Task brief
Output, word for word, the lines of this listing that fall between the line with "Pre Owned Bottega" and the line with "MasteelfCA 6pcs Glass", counting both of those lines, and no others.

Given data: Begin

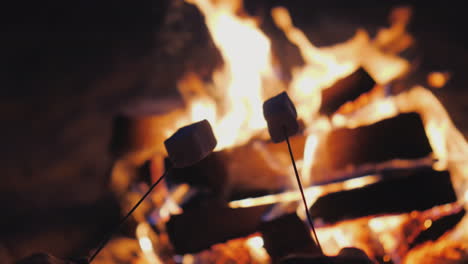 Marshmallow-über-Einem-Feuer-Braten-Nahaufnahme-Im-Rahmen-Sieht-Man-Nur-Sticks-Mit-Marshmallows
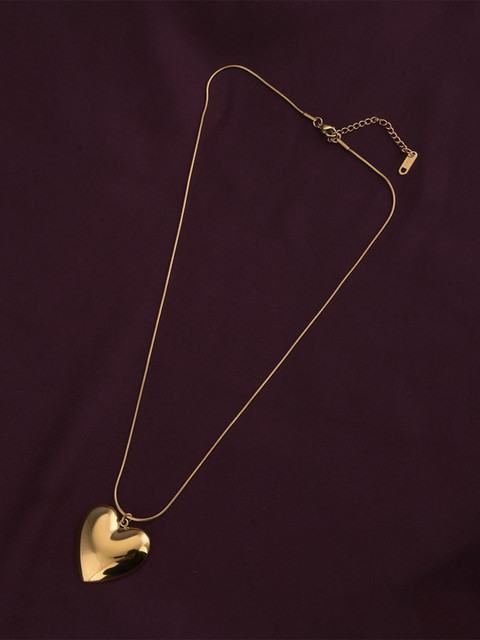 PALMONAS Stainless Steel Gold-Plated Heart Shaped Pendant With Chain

Given data: End
Given data: Begin

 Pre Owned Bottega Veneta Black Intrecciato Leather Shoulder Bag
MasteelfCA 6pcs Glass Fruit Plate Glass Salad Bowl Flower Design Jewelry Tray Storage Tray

Given data: End

Your solution
 Pre Owned Bottega Veneta Black Intrecciato Leather Shoulder Bag
MasteelfCA 6pcs Glass Fruit Plate Glass Salad Bowl Flower Design Jewelry Tray Storage Tray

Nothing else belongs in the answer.